Uit de tabel blijkt dat het plangebied buiten de invloedsgebieden van de risicorelevante inrichtingen ligt. Daarbij dient te worden opgemerkt, dat de (dichtst bijzijnde) contour van de Formido Bouwmarkt niet meer van toepassing is, omdat deze inmiddels is gesloten. Deze inrichtingen vormen dan ook geen belemmering voor de uitvoering van het plan.

afbeelding "i_NL.IMRO.1901.12oudbdgwegOvert-BP80_0005.png"

Vervoer gevaarlijke stoffen

Ten zuiden van het plangebied ligt de Provinciale weg N11. Over deze weg vindt transport van gevaarlijke stoffen plaats wat een risico kan opleveren voor het plangebied. De minimale afstand van het plangebied tot de weg is circa 260 m. Op deze afstand (> 200 m) is op basis van de Circulaire een afweging van het GR in principe niet noodzakelijk.

Ten noorden van het plangebied ligt de Provinciale weg N458. Over deze weg vindt ook transport plaats van gevaarlijke stoffen. De PR 10-6-risicocontour ligt niet buiten de weg en het invloedsgebied van deze weg is 124 m. De afstand van het plangebied tot deze weg is circa 600 m waardoor het transport van gevaarlijke stoffen over deze weg geen belemmering vormt voor de vaststelling van het bestemmingsplan.

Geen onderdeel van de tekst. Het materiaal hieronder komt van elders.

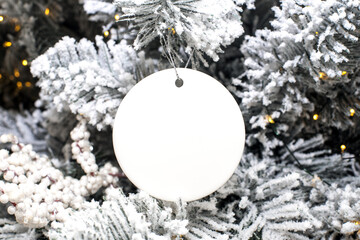 Blank Round Christmas Ornament Mockup over Christmas tree background
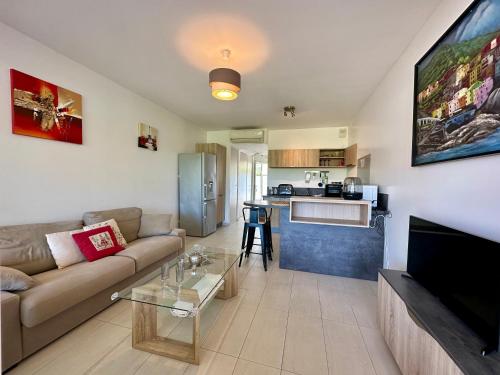 un salon avec un canapé et une cuisine dans l'établissement Appartement Rivages 100m plage CALVI, à Calvi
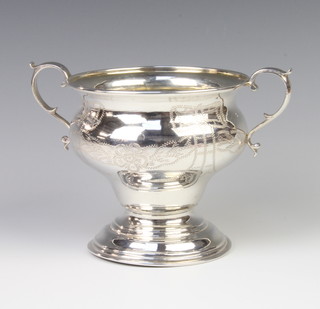 A silver two handled baluster cup decorated with flowers 11cm, London 1922, 200 grams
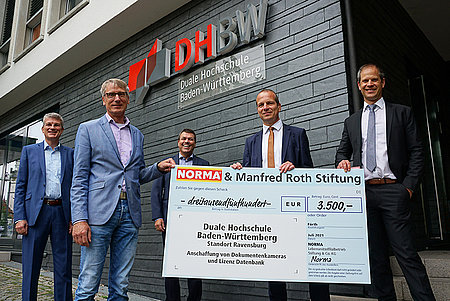 Professoren der DHBW Ravensburg nehmen einen Scheck entgegen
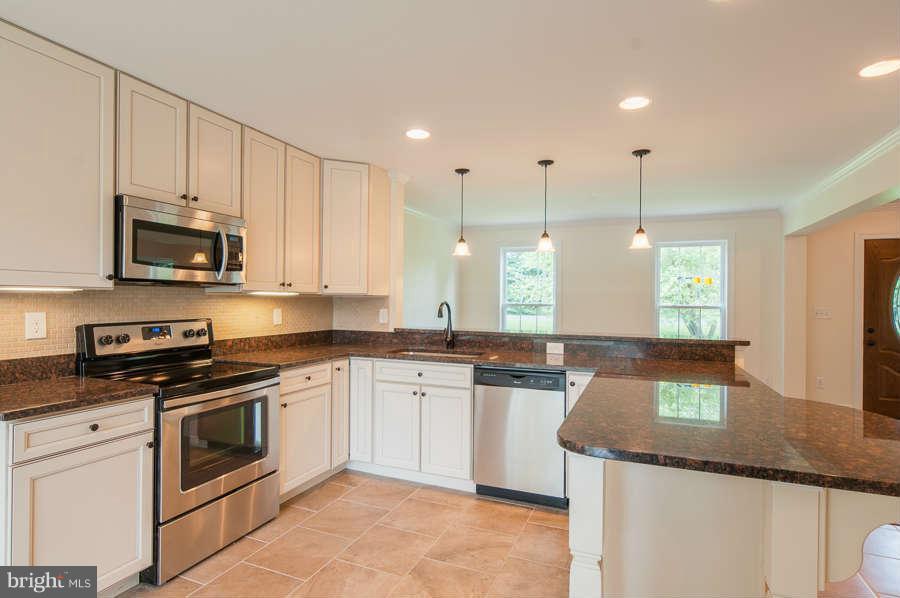 13029 Fork Road Baldwin, MD 21013 - Photo 8 of 30 a kitchen with stainless steel appliances granite countertop a stove a sink and a microwave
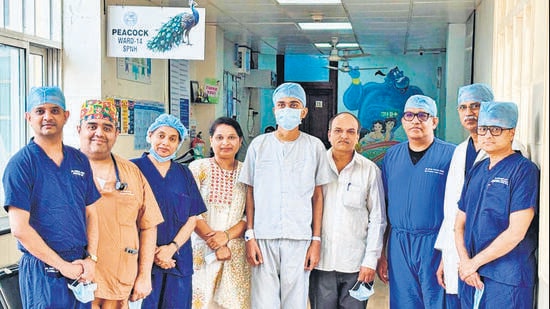 Tanmay Shinde (fifth from left), along with his parents and the doctors who performed the transplant surgery at the Bai Jerbai Wadia Hospital for Children in Parel.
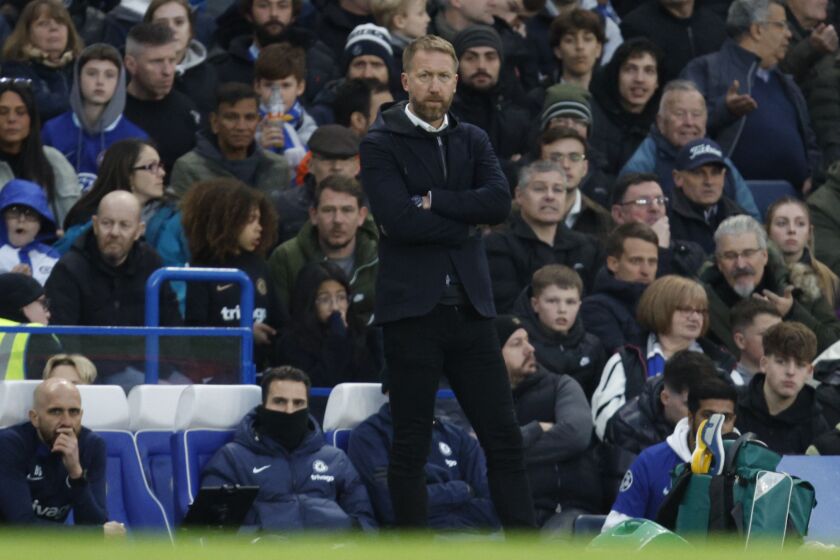 Chelsea's head coach Graham Potter, follows the game during the English Premier League soccer match between Chelsea and Aston Villa at Stamford Bridge stadium in London, Saturday, April 1, 2023. (AP Photo/David Cliff)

Vervoer gevaarlijke stoffen door leidingen

In de nabijheid van het plangebied liggen twee gasleidingen die mogelijk risicorelevant zijn. In de onderstaande tabel staan de gegevens van de betreffende buisleidingen.

naam   maximale werkdruk   uitwendige diameter   PR 10-6 risicocontour   omvang invloedsgebied   afstand tot projectgebied  
Aardgasleiding Gasunie   66,20 bar   35,98 inch   430 – enkele m   430 m   circa 520 m  
Aardgasleiding Gasunie   40 bar   6,63 inch   95 – enkele m   95 m   circa 820 m  

Uit de tabel blijkt dat voor beide leidingen wordt voldaan aan de normen voor de invloedsgebieden. Ook de leidingen vormen geen belemmering voor de beoogde ontwikkeling.

Conclusie

Er wordt geconcludeerd dat het aspect externe veiligheid de uitvoering van het project niet in de weg staat.